= Channel 73 =

Channel 73 was formerly used by a handful of television stations in North America which broadcast on 824-830 MHz. It was removed from television use in 1983 and the frequencies reassigned to analog mobile telephony.

As higher frequencies were less able to diffract around terrestrial obstacles, very few stations originated on channel 73. The channel was available when the UHF TV band opened in 1953, but the few who did use UHF 73 initially soon moved to lower frequencies or went dark:
- WFMJ-TV (NBC Youngstown) was launched on March 8, 1953, on channel 73. The station moved to its current channel, 21, on August 7, 1954.
- WLOK-TV (NBC Lima, Ohio) broadcast on channel 73 from April 18, 1953, until December 8, 1954. On April 24, 1955, the station became WIMA-TV, moving to channel 35. It is now WLIO, digital VHF 8.
- WTVU 73 in Scranton, Pennsylvania originally broadcast from August 17, 1953, to July 1, 1955 (1kW TPO) as an independent and (very briefly) as a DuMont affiliate; it is no longer operational.
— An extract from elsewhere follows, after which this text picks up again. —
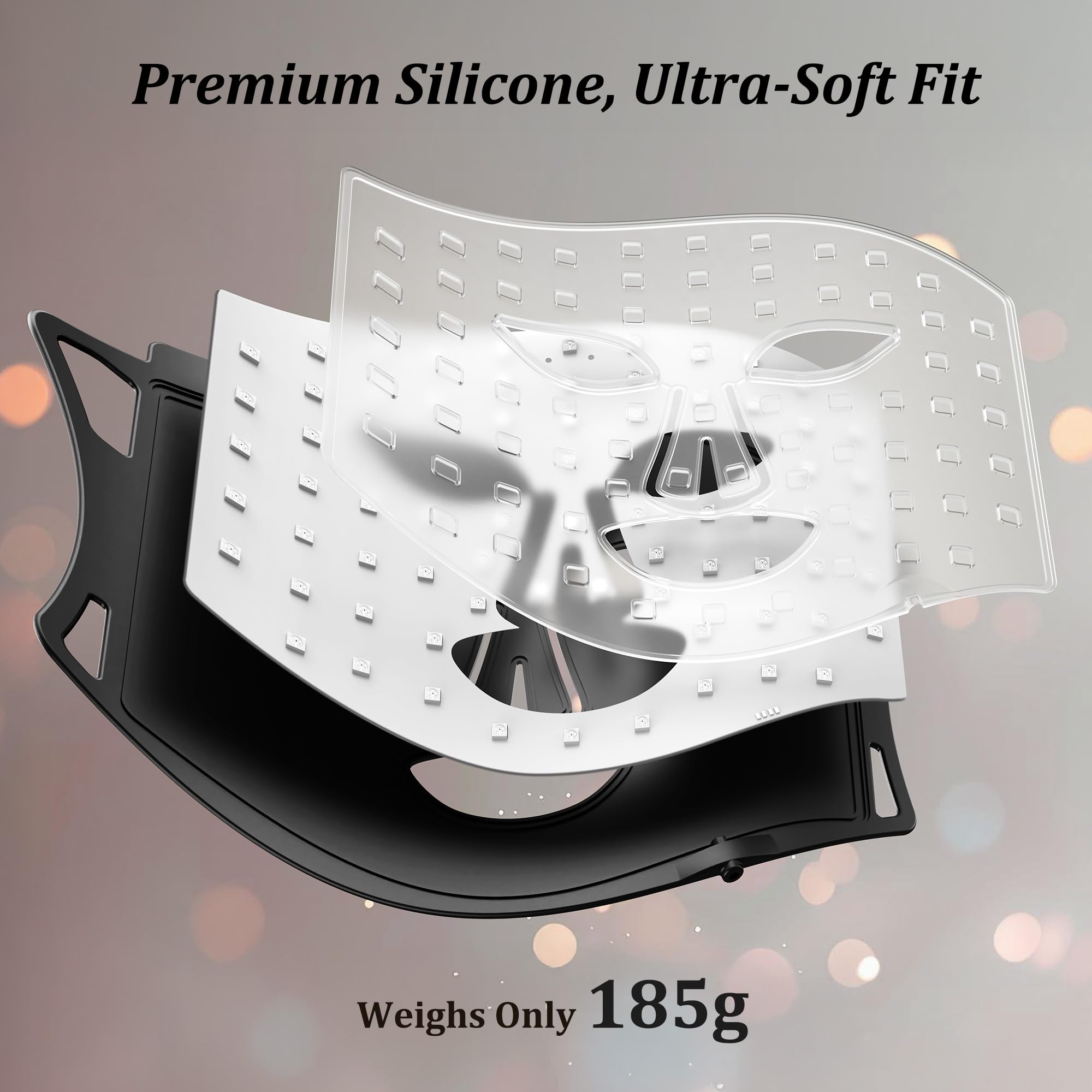 CUEME soft silicone mask material for gentle wear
For much of the history of UHF TV broadcasting in the United States, channel 70–83 served primarily as a "translator band" for repeater transmitters filling gaps in coverage for existing stations:
- KTVX-TV (ABC Salt Lake City) rebroadcaster K73BE Logan, Utah moved to K45GL channel 45.
- KWGN-TV (CW Denver) rebroadcaster K73AF Rawlins, Wyoming moved to K56AV channel 56.
- KKTV (CBS Colorado Springs) rebroadcaster K73BV Springfield, Colorado moved to K66CW channel 66.
- KNME-TV (PBS Albuquerque) rebroadcaster K73AL Truth or Consequences, New Mexico moved to K17BH channel 17.
- KOAT-TV (ABC Albuquerque) rebroadcaster K73CG Alamogordo, New Mexico moved to K34CR channel 34.
- KOCO-TV (ABC Oklahoma City) rebroadcaster K73BJ Mooreland, Oklahoma moved to K63CF channel 63.
- KSAZ-TV (Fox Phoenix) rebroadcaster K73CD Flagstaff, Arizona moved to K48GI channel 48.
- KREM-TV (CBS Spokane) rebroadcaster K73AP Quincy, Washington moved to K21AJ channel 21.
- KTCA-TV (PBS Minneapolis-St. Paul) rebroadcaster K73AI Redwood Falls, Minnesota moved to W64AC channel 64.
- KVAL-TV (CBS Eugene) rebroadcaster K73AQ Florence, Oregon moved to K58CW channel 58.
- KVII-TV (ABC Amarillo) rebroadcaster K73BK Gruver, Texas moved to K42CF channel 42.
- KXLY-TV (ABC Spokane) rebroadcaster K73BA East Wenatchee, Washington moved to K53DN channel 53.
- WITF-TV (PBS Harrisburg) rebroadcaster W73AH Chambersburg, Pennsylvania moved to W38AN channel 38.
- WNEP-TV (ABC Scranton) rebroadcaster W73AC Clarks Summit, Pennsylvania moved to W14CO channel 14.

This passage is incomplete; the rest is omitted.